Step 3: Preparing the Family Emergency Plan

By Sarah Anderson

Preparing a family emergency plan will help you and your family get ready for any disaster that may strike. A good emergency plan will cover all options and must include an evacuation plan and safe meeting places.

In addition, a good plan will help you prepare for different disasters and emergencies. Include in your plan how to prepare for each hazard that could impact your local community and how to protect yourself.

Evacuation Plans

Some disasters will require a quick and efficient evacuation. In cases such as fire, a quick evacuation can sometimes mean the difference between life and death.

Evacuation and escape routes must be well planned and practiced with all family members. Plan an evacuation route that will guarantee the quickest, safest way out. Consider worst case scenarios including power malfunctions that will prohibit any use of elevators.

Make sure to have a backup plan in case main exits are blocked. Think about all possible exit options when planning your "Plan B". Consider windows, balconies, etc., and work out the safest way to escape your home. Keep in mind that evacuation routes must not be complicated. Keep it child-friendly.

Safety Places

While some disasters require a quick evacuation, in other cases, staying indoors is much safer. A good emergency plan will also list the safe places inside your home. A basement is usually one of the safer places in your home, especially during a tornado. However, if you don't have a basement, use a lower floor interior room with the least number of windows and openings.

Map It

Documentation is very important for every emergency plan and mapping is the best way to document your evacuation plan and safe places.

How to map your home?

  1. Draw the floor plans of your home.
  2. Mark the location of all exits and openings including doors, windows, and balconies.
  3. Point important locations such as: emergency kit, fire extinguisher, smoke alarms, collapsible ladders, first-aid kits, and utility shut-off points.
  4. Add indoor orientation points: stairways, large furniture, etc.
  5. Show outdoor orientation points: garages, patios, stairways, elevators, driveways, and porches.

Add evacuation routes

  1. Illustrate at least two escape routes from each room. Use a different color for each route.
  2. Make the escape routes end at a safe point.

Add safe places

  1. Mark the indoor safe places.
  2. Mark an outdoor safe point. This is where all family members should meet in case of emergency that requires evacuation.

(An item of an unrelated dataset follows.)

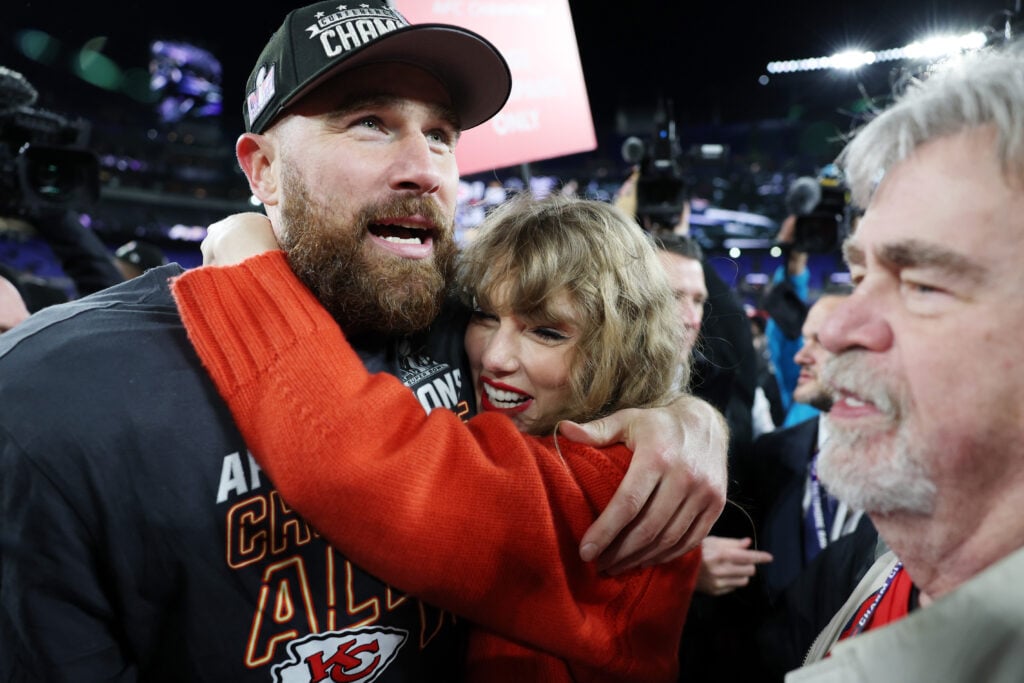 Travis Kelce #87 of the Kansas City Chiefs celebrates with Taylor Swift after a 17-10 victory against the Baltimore Ravens in the AFC Championship Game at M&T Bank Stadium on January 28, 2024 in Baltimore, Maryland.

Disabled and Special Needs

Your emergency plan must cover all special needs of any disabled persons and those who have home caregivers and the caregivers themselves.

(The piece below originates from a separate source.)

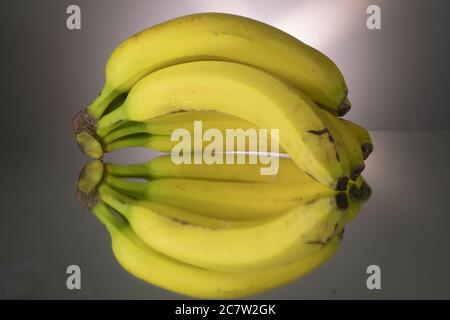 Yellow bananas on mirroring table. Gorizontal image Stock Photo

If someone uses a wheelchair, make all exits from your home wheelchair accessible and plan your evacuation routes accordingly. Keep support items in a designated place so they can be found quickly.

For those who are bed-bound, it is essential to have an alternate plan if the caregiver is not present. Also, plan for a case in which the caregiver is present and include him or her in your emergency plans.

If any of your household members are dependent on electricity-powered equipment, develop a plan that includes an alternate power source for the equipment or relocating of that person. It is recommended to provide the power company with a list of all power-dependent life support equipment required by family members.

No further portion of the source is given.